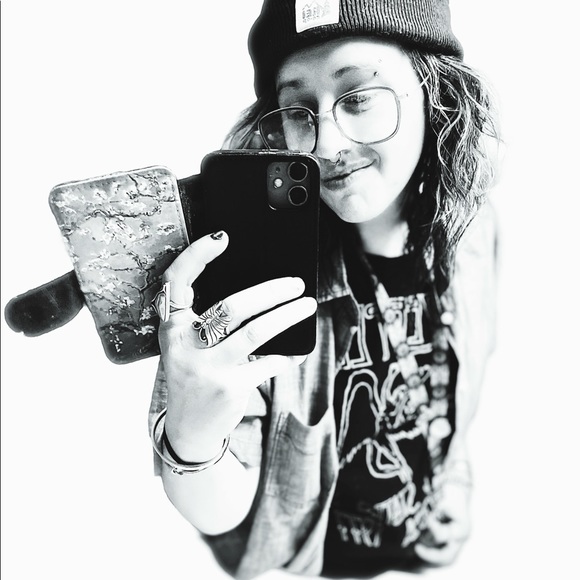 Meet your Posher, Lorra - Picture 8 of 9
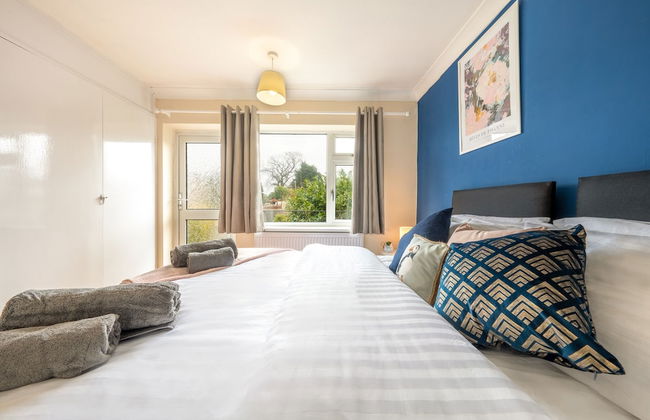 Pierocks Carver Entire House, Free Parking and Wi-fi in High Wycombe - Foto 4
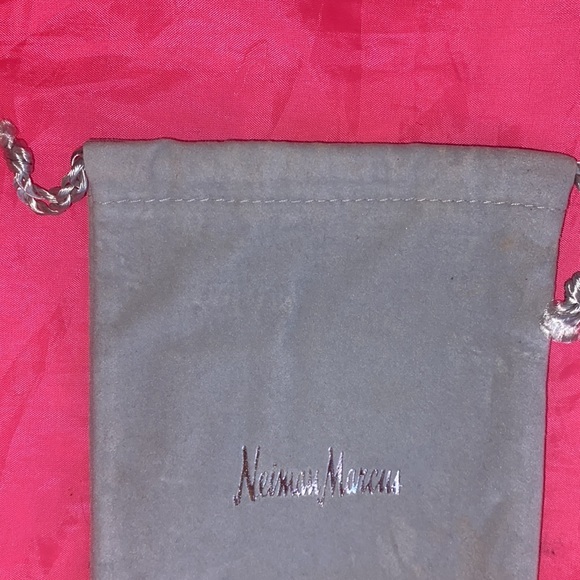 Light Gray draw string velvet NEIMAN MARCUS Jewelry bag vintage celebrity design - Picture 4 of 5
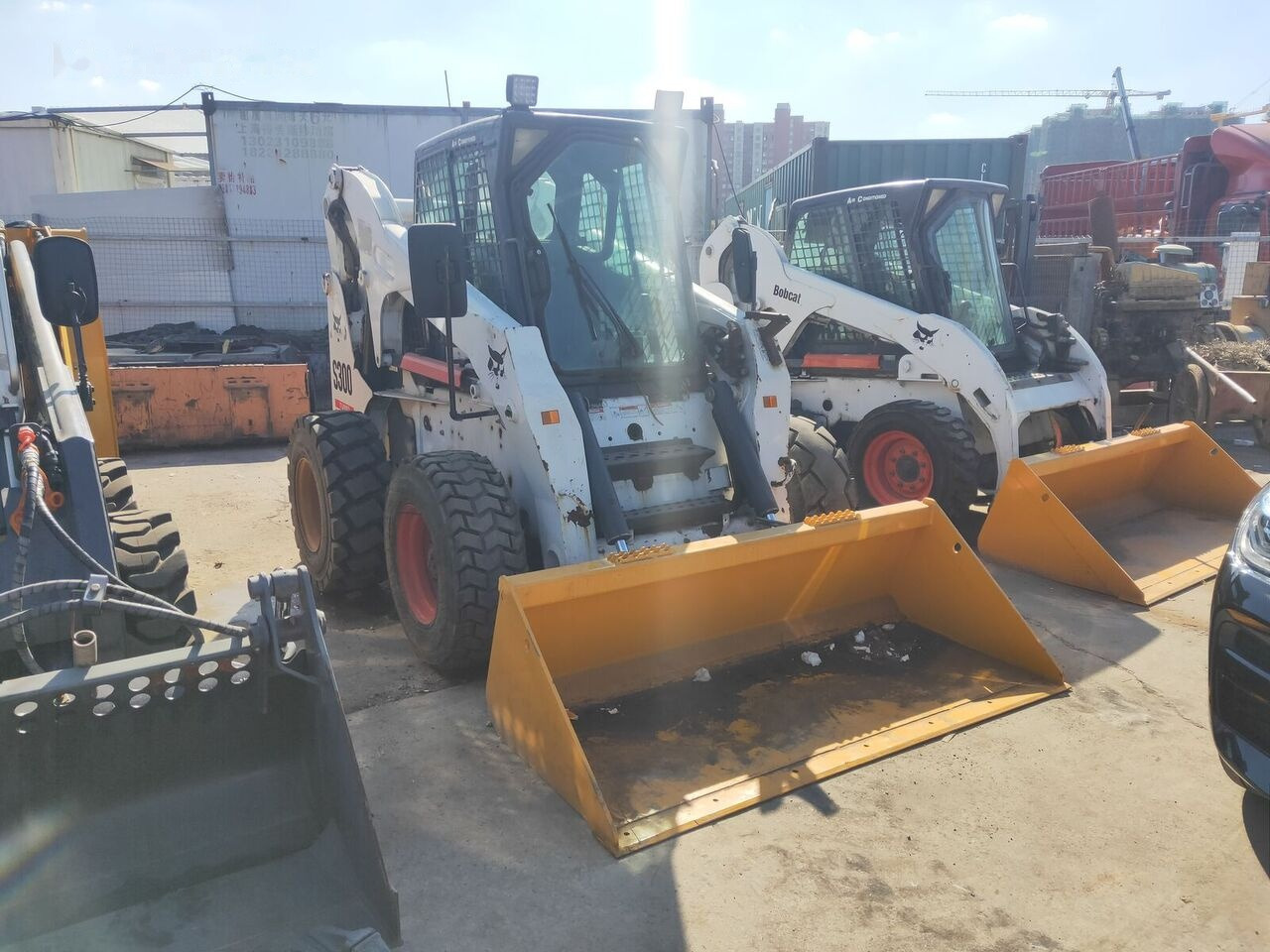 Bobcat S300 - Mini încărcător: Foto 5 Bobcat S300 - Mini încărcător: Foto 5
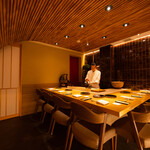 鮨 かぐら - メインカウンター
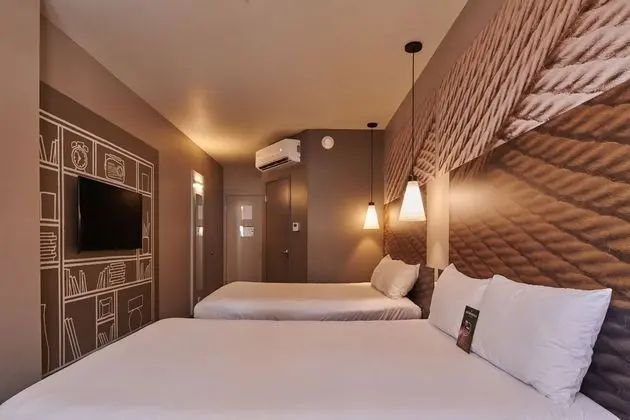 Tek Büyük Yataklı Oda, 2 Çift Kişilik Yatak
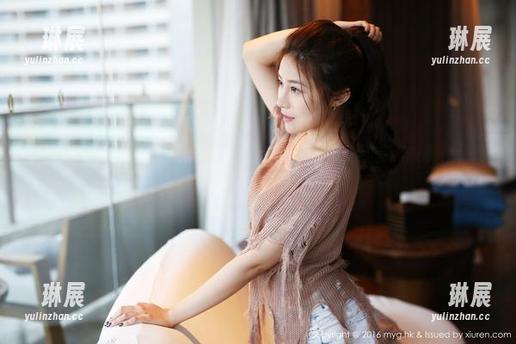 美媛馆 - 王馨瑶的旅拍分享：每个瞬间里仿佛都有小故事在悄悄念叨。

Activity: Each line from the line containing "Light Gray draw" through the final line of the data above must be retyped exactly; nothing else, and no pictures, may appear.

Result below:
 Light Gray draw string velvet NEIMAN MARCUS Jewelry bag vintage celebrity design - Picture 4 of 5
 Bobcat S300 - Mini încărcător: Foto 5 Bobcat S300 - Mini încărcător: Foto 5
 鮨 かぐら - メインカウンター
 Tek Büyük Yataklı Oda, 2 Çift Kişilik Yatak
 美媛馆 - 王馨瑶的旅拍分享：每个瞬间里仿佛都有小故事在悄悄念叨。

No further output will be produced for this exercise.